Краем глаза заметил выстроившихся вдоль стены младших служителей — вчерашних строителей, позавчерашних бродячих целителей, и перед глазами начало меркнуть.
«Нет уж! — прозвучал в голове знакомый до боли голос. — Первую службу проведу я, лично!»
Харальд провалился в мягкую и душную, точно подушка, темноту.
Когда он выплыл из нее, то руки его были обагрены кровью, на алтаре дымились внутренности зарезанного барана, младшие служители тянули какое?то слащавое песнопение, а от входа в храм слышались восклицания, полные радости и изумления.
— Тринадцать лет, тринадцать лет, а теперь снова могу ходить! Чудо!

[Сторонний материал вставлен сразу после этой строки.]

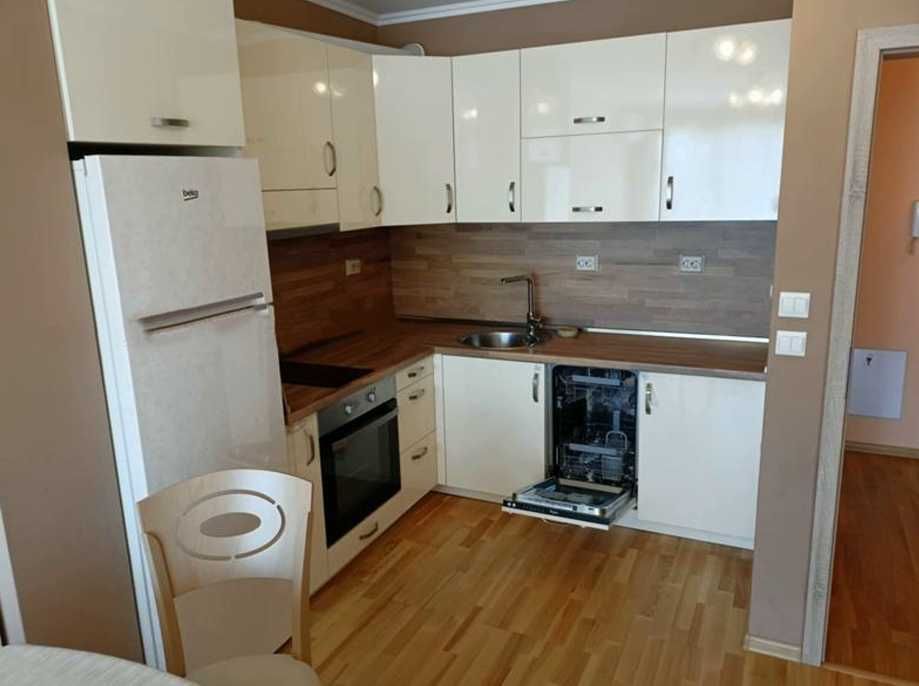 Дава се под наем Двустаен апартамент в София, Хаджи Димитър - 72 кв.м за 400 € - Снимка #2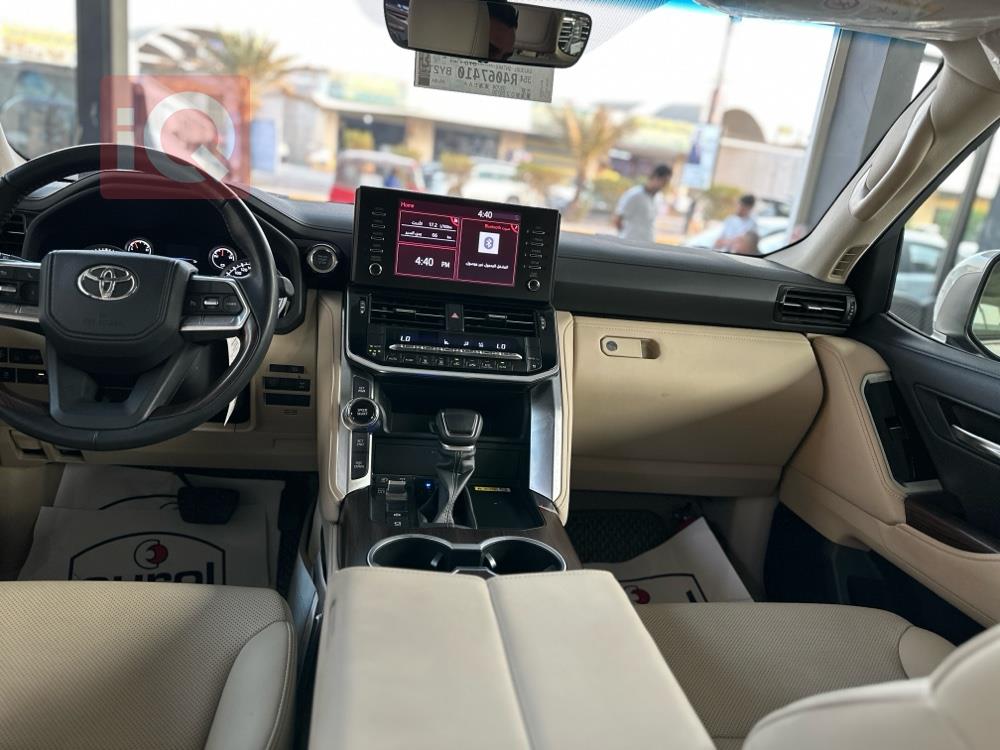 تۆیۆتا لاند کروزەر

— Велик этот бог, он вернул моему сыну здоровье!
— О радость!
— Счастье! Моих прыщей больше нет, я вновь красива!
«Видишь, как они мне благодарны? — сытым котом промурлыкал внутри Харальда бог. — Более того, они благодарны ещё и тебе. Они верят в то, что это ты их исцелил. А ты ещё смел укорять меня в жестокости…»
Голос слабел, растворялся, пока не пропал совсем.

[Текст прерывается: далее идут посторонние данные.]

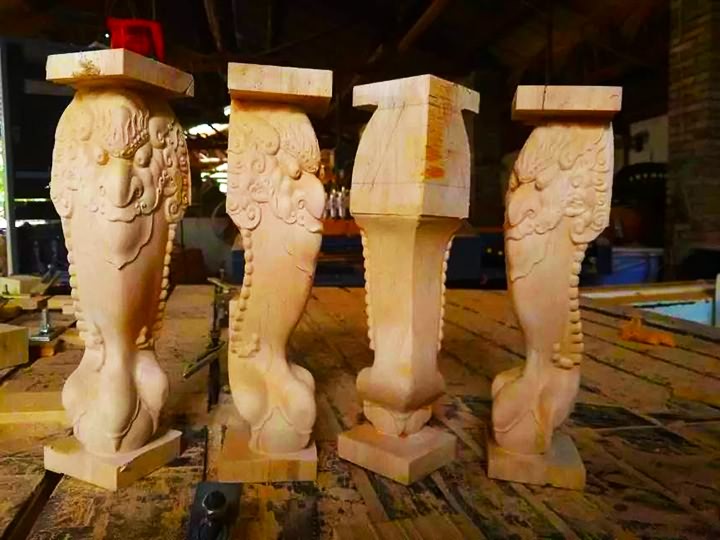 經(jīng)濟(jì)實(shí)惠的3D數(shù)控雕刻機(jī)帶有多個(gè)第四旋轉(zhuǎn)軸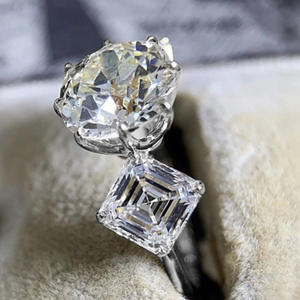 Anello con Diamante F783 in Oro Bianco, Taglio Brillante Rotondo, Diamante Naturale Colore D, Gioiello di Fidanzamento per Donna - Product Image 2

Харальду хотелось вырвать себе глаза. Но он знал — не получится.
* * *
Представитель городского совета больше всего походил на откормленную свинью. Розовая блестящая кожа, маленький пятачок носа, постоянно обнюхивающий воздух в поисках запахов съестного, приоткрытый в предвкушении трапезы рот и небольшие белесые глазки.

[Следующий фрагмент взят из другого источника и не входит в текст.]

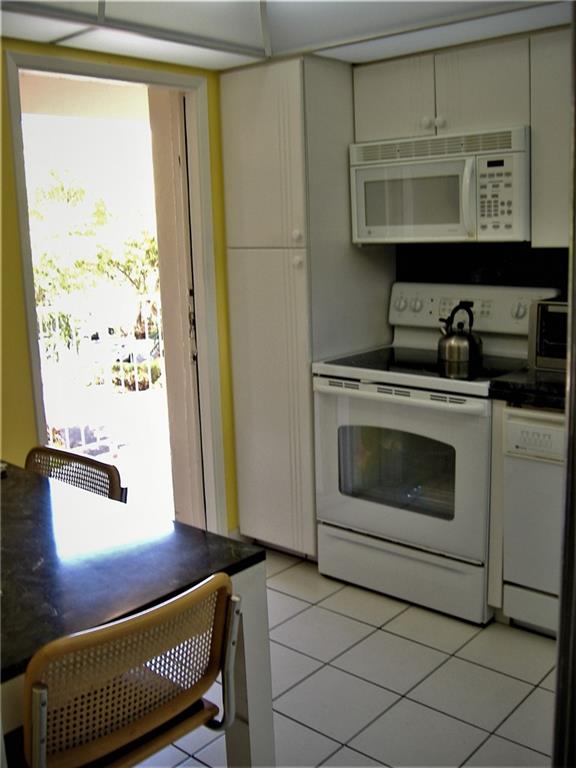 PALM AIRE COUNTRY CLUB - Residential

Только не бывает в глазах свиней такого страха. Человеческого.
Эпидемия началась в городе в самую жару, в конце июля. Люди умирали один за другим. Покрывались багровой сыпью, горели, словно в огне, желудок отказывался принимать пищу — и все…
Когда число жертв за сутки пошло на сотни, городской совет запаниковал. Маги ехать в Бабиль отказались, кроме двух шарлатанов, которых быстро раскусили и повесили, и тогда один из купцов пришел к Харальду, к главному служителю Больного Бога, властного над всеми хворями…
— Мы униженно молим вас вознести просьбу о прекращении поветрия к слуху божества. — Представитель боялся, но говорил складно и гладко, не сбиваясь и не путаясь. — Со своей стороны, город готов помочь служителям Больного Бога всем, чем только возможно.